Solusi Semu Tol Tanggul Laut Atasi Rob Semarang-Demak

4 days ago 16
  • Mega proyek Tol Tanggul Laut Semarang-Demak (TTLSD) juga pemerintah gadang-gadang sebagai solusi atasi persoalan abrasi dan banjir rob di pesisir Semarang dan Demak.
  • TTLSD sepanjang 26,95 km, mulai dari kelurahan Tanjung Mas, kecamatan Semarang Utara, Kota Semarang hingga Kelurahan Kadilangu, Kecamatan Demak, Kabupaten Demak. Proyek ini perlu lahan sekitar 539,7 hektar di 24 kelurahan atau desa, pada delapan kecamatan, di Kota Semarang dan Kabupaten Demak. TTLSD terbagi dalam dua seksi.
  • Sindhung Wardhana,  Pengurus Ikatan Geografi Indonesia (IGI) meragukan keamanan dan efektivitas tanggul laut ini menahan banjir rob. Bangunan di laut memiliki kerentanan rusak lebih tinggi.
  • Banyak pihak meragukan efektivitas proyek tol tanggul laut ini dapat menghalau banjir rob di Semarang dan Demak. Penelitian Maleh Dadi Segoro menyebutkan, penutupan lima sungai yang dianggap sebagai jalur masuk air laut ke daratan tidak efektif.

Bambu berukuran sekitar 100 meter terdampar di pesisir laut Jawa, Desa Terboyo Wetan, Kecamatan Genuk, Kota Semarang, Jawa Tengah,  Januari lalu. Kondisi tersusun rapi tujuh lapis, terikat tali nilon hitam. Ada juga bambu terlepas dari ikatan.
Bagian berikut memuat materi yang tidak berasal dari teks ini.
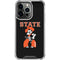 Oklahoma State University OSU Cowboys Orange iPhone 16 Pro Max Clear Case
Bambu itu bagian dari konstruksi pembangunan Tol Tanggul Laut Semarang-Demak (TTLSD). Mega proyek TTLSD seksi 1—yang menghubungkan Kota Semarang hingga Sayung, Kabupaten Demak ini—terbangun sepanjang 10,64 km. Sekitar 6,7 km tol yang terbangun di atas laut  ini berfungsi sebagai tanggul untuk mengatasi banjir rob dan abrasi pantura Jawa.

Bambu-bambu itu, menurut pekerja kontruksi,  terlepas dari rangkaiannya yang sudah tersusun sepanjang 6,2 km. Bambu ini terbawa arus sejauh dua kilometer dari lokasi konstruksi di laut jawa, Kota Semarang.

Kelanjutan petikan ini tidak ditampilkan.